- _EXERCISE AIM_
The records are to be repeated in full. Every line must match.

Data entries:
#####

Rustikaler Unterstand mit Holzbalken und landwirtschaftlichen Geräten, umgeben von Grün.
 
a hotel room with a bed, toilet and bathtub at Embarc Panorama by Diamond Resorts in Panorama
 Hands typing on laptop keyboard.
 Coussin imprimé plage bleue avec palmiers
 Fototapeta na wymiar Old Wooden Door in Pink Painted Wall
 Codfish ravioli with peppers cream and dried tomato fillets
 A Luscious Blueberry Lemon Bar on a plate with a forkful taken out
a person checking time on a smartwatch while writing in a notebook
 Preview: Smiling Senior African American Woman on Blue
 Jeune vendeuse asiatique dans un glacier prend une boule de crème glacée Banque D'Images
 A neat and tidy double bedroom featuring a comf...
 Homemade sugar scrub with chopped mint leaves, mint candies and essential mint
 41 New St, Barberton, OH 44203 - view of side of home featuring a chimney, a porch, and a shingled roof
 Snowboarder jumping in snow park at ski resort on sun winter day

#####

- _TASK OUTPUT_
Rustikaler Unterstand mit Holzbalken und landwirtschaftlichen Geräten, umgeben von Grün.
 
a hotel room with a bed, toilet and bathtub at Embarc Panorama by Diamond Resorts in Panorama
 Hands typing on laptop keyboard.
 Coussin imprimé plage bleue avec palmiers
 Fototapeta na wymiar Old Wooden Door in Pink Painted Wall
 Codfish ravioli with peppers cream and dried tomato fillets
 A Luscious Blueberry Lemon Bar on a plate with a forkful taken out
a person checking time on a smartwatch while writing in a notebook
 Preview: Smiling Senior African American Woman on Blue
 Jeune vendeuse asiatique dans un glacier prend une boule de crème glacée Banque D'Images
 A neat and tidy double bedroom featuring a comf...
 Homemade sugar scrub with chopped mint leaves, mint candies and essential mint
 41 New St, Barberton, OH 44203 - view of side of home featuring a chimney, a porch, and a shingled roof
 Snowboarder jumping in snow park at ski resort on sun winter day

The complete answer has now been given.